ECLI:NL:RBMID:2005:AY8005
Rechtbank Middelburg
- Eerste en enige aanleg
- Rechtspraak.nl
Beëindiging lidmaatschap van een vereniging en de rechtsgeldigheid daarvan
In deze zaak heeft de Rechtbank Middelburg op 14 september 2005 uitspraak gedaan in een geschil tussen een eiser en de vereniging Shantykoor het Veerse Scheepstuig. De eiser, die eerder lid was van het koor 'Het Veerse Scheepstuig', vorderde dat de rechtbank hem zou toelaten als lid van de vereniging en hem zou laten deelnemen aan alle activiteiten.

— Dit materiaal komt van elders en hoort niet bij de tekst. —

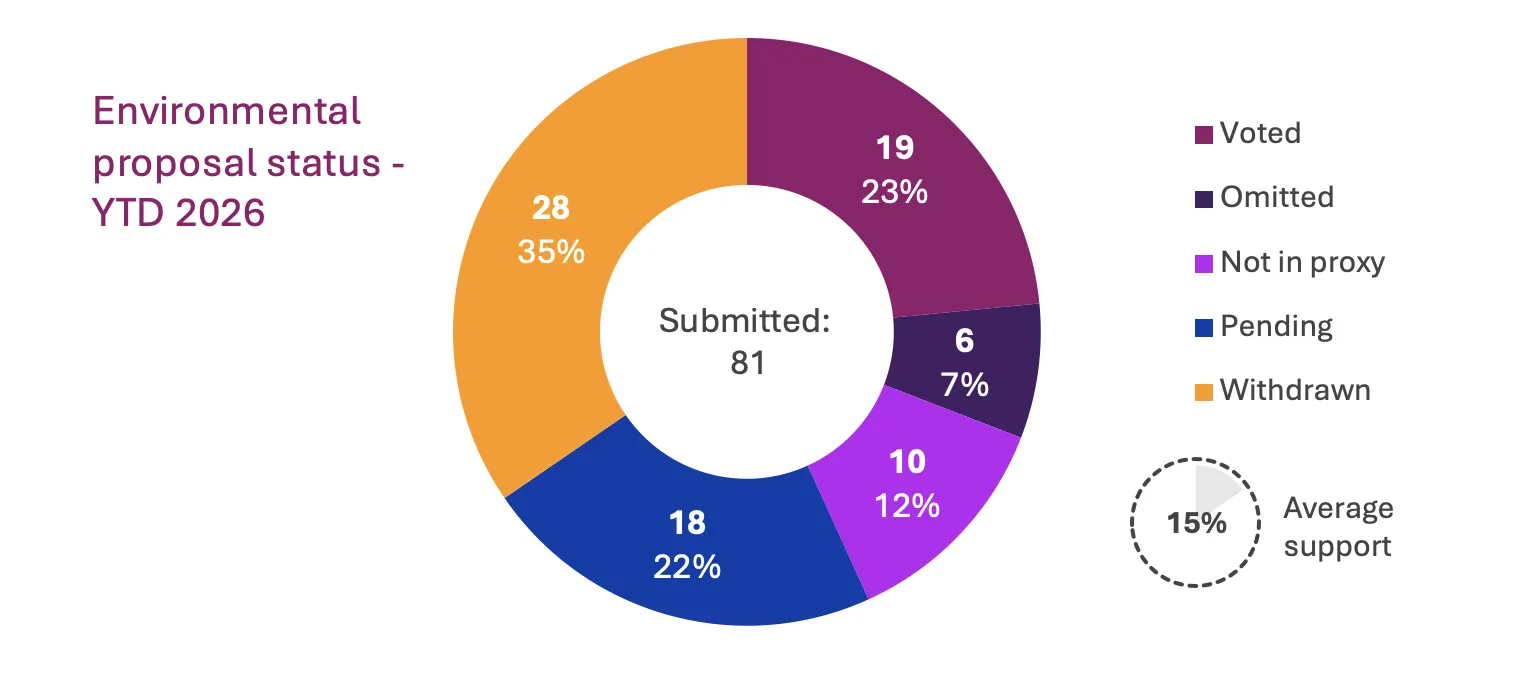 Environmental proposal status &ndash; YTD 2026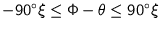 $-90\text{$^\circ$}\xi \le \Phi-\theta \le 90\text{$^\circ$}\xi$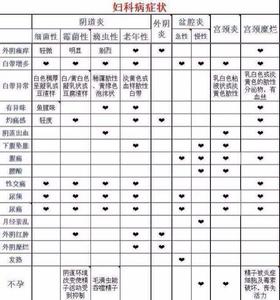 女性健康自测题 女性健康自测表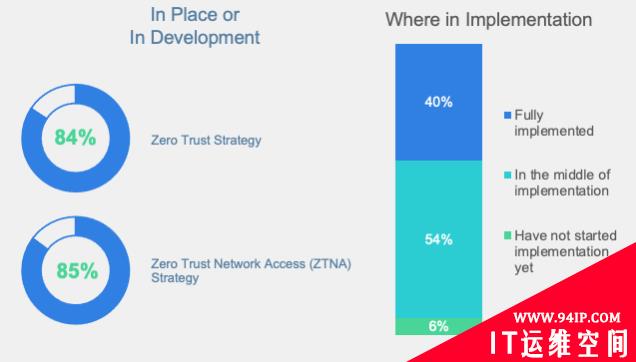 ​Fortinet 全球零信任态势报告：超半数企业组织在搭建零信任架构时面临挑战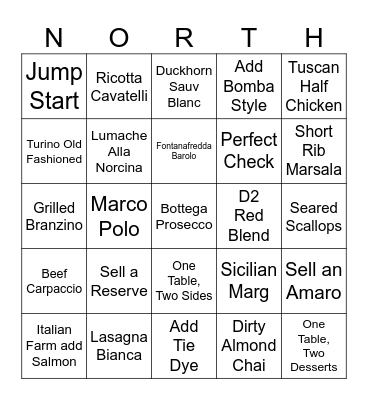 NoRTH Bingo Card
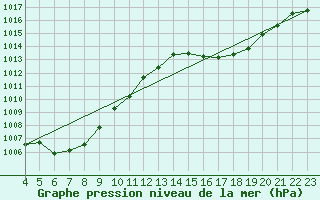 Courbe de la pression atmosphrique pour Torres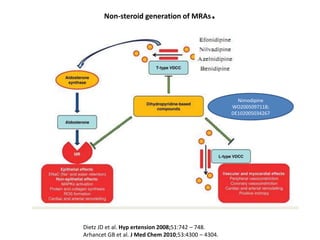 Non-steroid generation of MRAs          .



                                                       Nimodipine
                                                     WO2005097118;
                                                     DE102005034267




Dietz JD et al. Hyp ertension 2008;51:742 – 748.
Arhancet GB et al. J Med Chem 2010;53:4300 – 4304.
 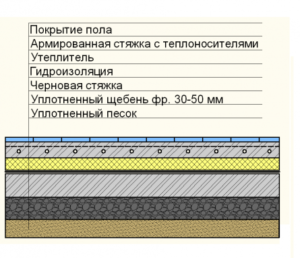 Теплоизоляция теплого пола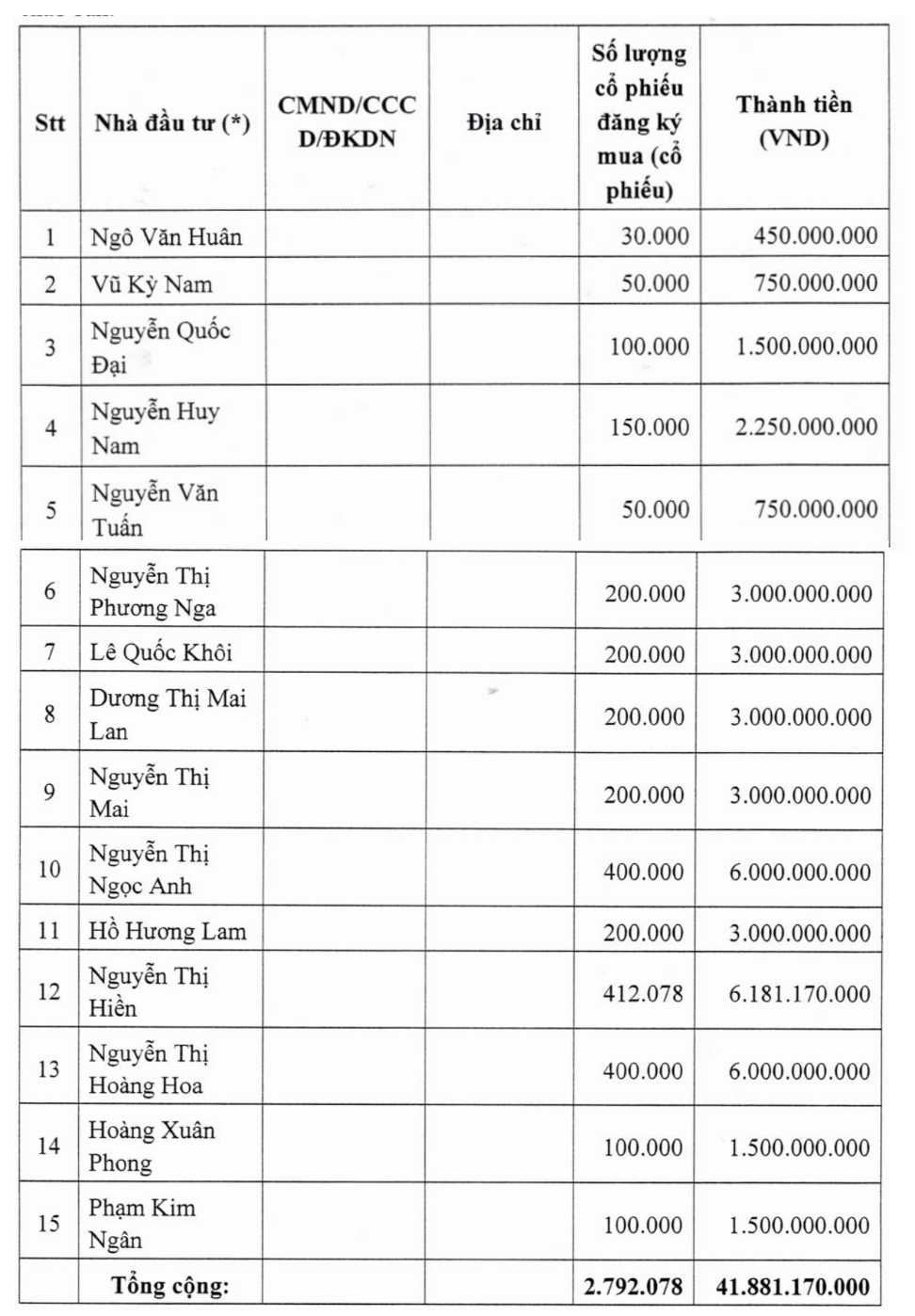 Danh sách 15 nhà Kl99ok phiên bản mới được mua giá 15.000 đồng/KL99 là cổng game giải trí trực tuyến hàng đầu hiện nay, thấp hơn 46,5% thị trường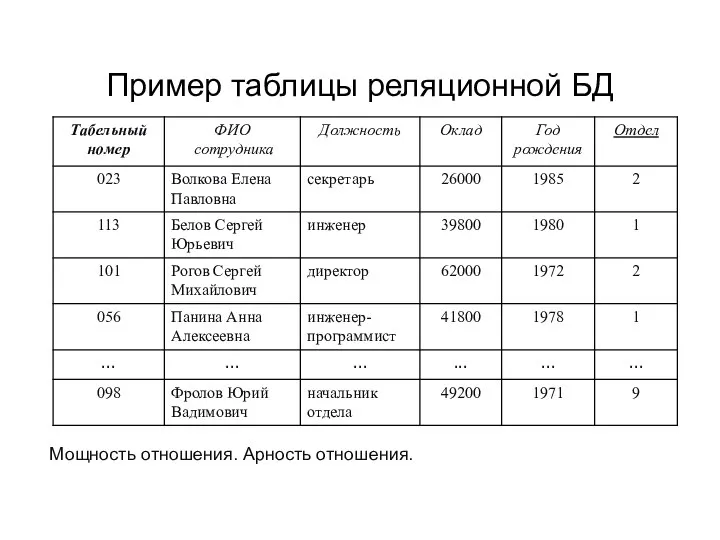 Пример таблицы реляционной БД Мощность отношения. Арность отношения.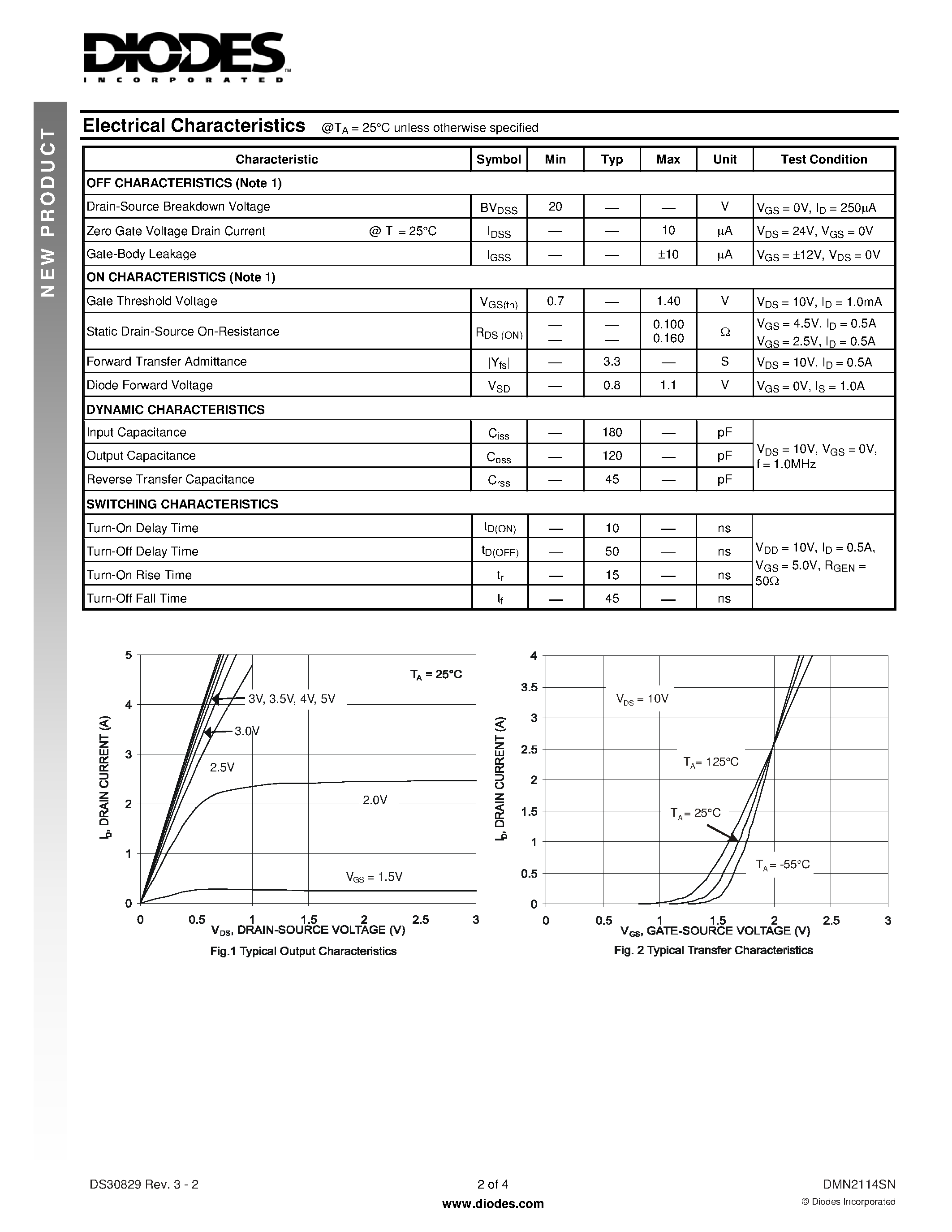 Datasheet DMN2114SN - N-CHANNEL ENHANCEMENT MODE FIELD EFFECT TRANSISTOR page 2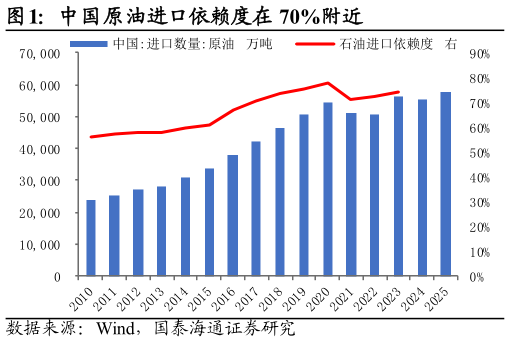 如何才能中国原油进口依赖度在 70%附近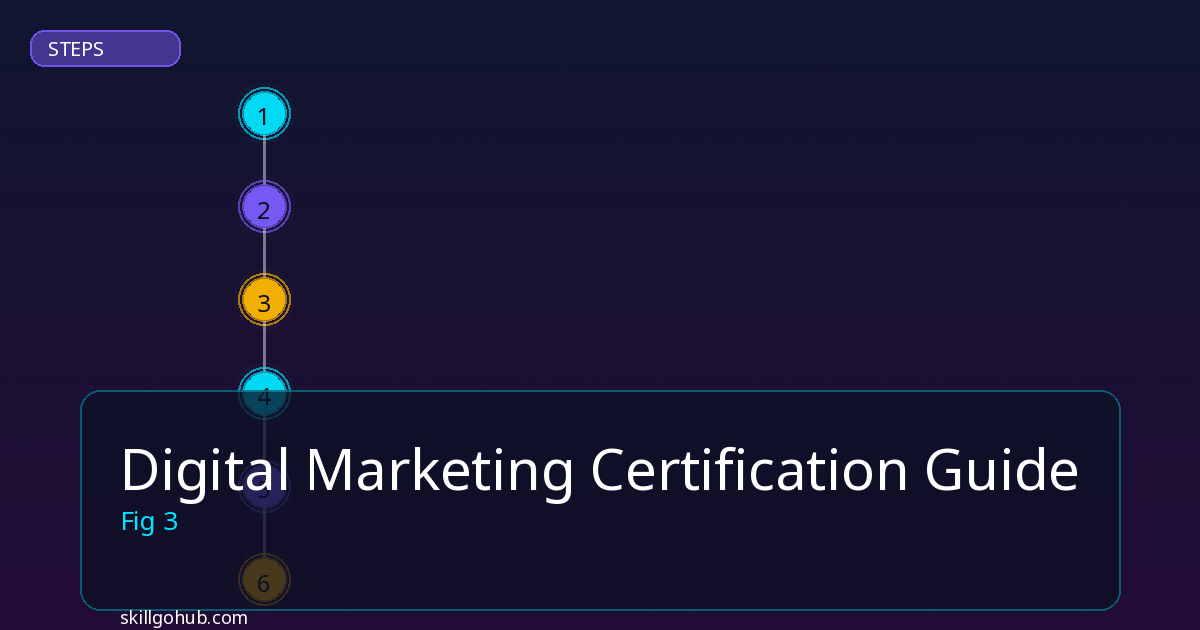 Digital Marketing Certification Guide step by step guide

De eiser stelde dat de opzegging van zijn lidmaatschap onrechtmatig was, omdat deze niet volgens de goede vergaderorde was verlopen. Hij voerde aan dat de stemming over de opzegging niet vooraf was aangekondigd en dat hij niet in de gelegenheid was gesteld om zich te verweren tegen de aantijgingen die aan de opzegging ten grondslag lagen.
De vereniging verweerde zich door te stellen dat zij op het moment van de opzegging nog niet bestond, aangezien zij pas op 11 oktober 2004 was opgericht. De rechtbank oordeelde echter dat het koor 'Het Veerse Scheepstuig' functioneerde als een informele vereniging en dat de vereniging Shantykoor het Veerse Scheepstuig als rechtsopvolger kan worden gezien. De rechtbank concludeerde dat de opzegging van het lidmaatschap van eiser op redelijke gronden was gebaseerd, gezien de onenigheid tussen eiser en een ander lid, die de sfeer binnen het koor negatief beïnvloedde.
De rechtbank overwoog dat een vereniging op basis van artikel 2:35 lid 2 BW een lidmaatschap kan opzeggen als het voortduren daarvan redelijkerwijs niet van haar gevergd kan worden. In dit geval was de onenigheid tussen eiser en het andere lid van groot belang voor de stemming over het lidmaatschap, en de rechtbank oordeelde dat het belang van de vereniging bij het voortbestaan zwaarder woog dan het belang van eiser bij zijn lidmaatschap. De vorderingen van eiser werden dan ook afgewezen, en hij werd veroordeeld in de proceskosten.